Anesthesiologist Involvement in an ASC: Q&A With Howard Balkenbusch of Associated Anesthesiologists of Fort Wayne
Q: Should anesthesiologists own interests in an ASC?
Howard Balkenbusch: Of course. The fact that anesthesiologists do not generate referrals fails to consider their role in costs and efficiencies. Though this often counter-intuitive to the surgeon's thought pattern the anesthesiologists have the ability to significantly impact drug costs, surgeon satisfaction, OR schedule efficiency and patient recovery time (impacting staff/facility costs). The amount of ownership allocated would be more of an internal discussion but the goal is to optimize alignment towards specific performance incentives. The lack of aligned incentives is one of the most troublesome parts of our healthcare delivery system.
Q: Should anesthesiologists be employees of centers, independent contractors of centers or completely outsourced?
HB: I think anyone of the three options can work with the right people. In the surgery center setting some objectives that are critical may be valued differently in the hospital setting. The objective of safe anesthesia remains paramount. Anesthesiologists that have strong experience with critically ill patients may be more adept at handling the occasional patient crash in an ASC setting and therefore current critical care experience can be an asset to the ASC setting. Beyond being a fundamentally sound clinician, the anesthesiologist must also help create and sustain an environment that is perceived as desirable to surgeons. That is, they would preferably be affable and have the mindset of working in a fast-paced and efficient environment. Turnover times need to be minimal and, as most ASC's know, the ability to either wake the patient up or recover from a regional anesthetic in minimal time is helpful to both the center and the patient.

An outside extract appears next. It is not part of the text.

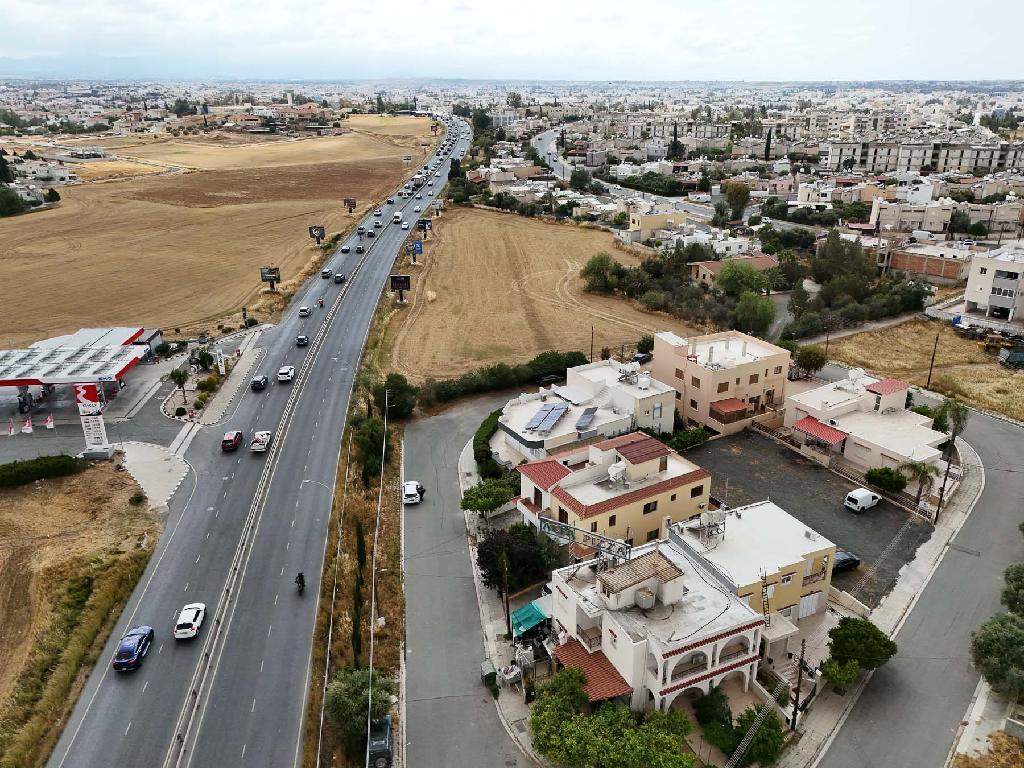 Incomplete House - Strovolos, Nicosia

Q: So the question becomes how does an ASC best control these highly desirable attributes?
HB: The answer will likely vary depending on your anesthesia provider resources. Some 'groups' can readily provide this need, others cannot. Options to employ or exclusively contract simply depends on availability within the specific community. If employment is not the model then the 'anesthesia group' must be able to work flexibly with pricing issues- especially for those services that are 'pre-pay' or otherwise non-insured such as cosmetic surgery. A strategic approach to pricing will help assure the final 'product' is marketable. Smart groups will try and meet these needs, otherwise an ASC may need to look at the possibility of another group or anesthesiologist employment- again- assuming that the 'right' kind of anesthesiologists are available.
Q: What should be our primary focus when considering anesthesiologists and anesthesia services?

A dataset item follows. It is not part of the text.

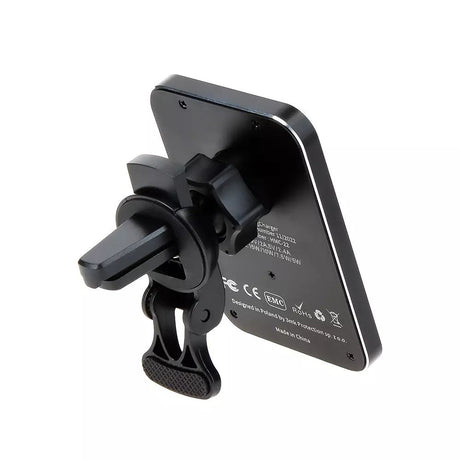EAN 5903108497398 - 3MK HARDY MagCharger Teléfono móvil Negro USB Cargador inalámbrico Carga rápida Auto imagen 5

HB: Safe anesthesia care is always foremost. The other attributes for anesthesia services delivered in an ASC setting rely on anesthesiologists that contribute to the overall success of the center through cost containment, a smooth running operative schedule and promotion of surgeon and patient satisfaction. Every member of the team should be aligned to create a good experience for the patient. Anesthesiologist ownership certainly contributes to the alignment of a well-managed ASC.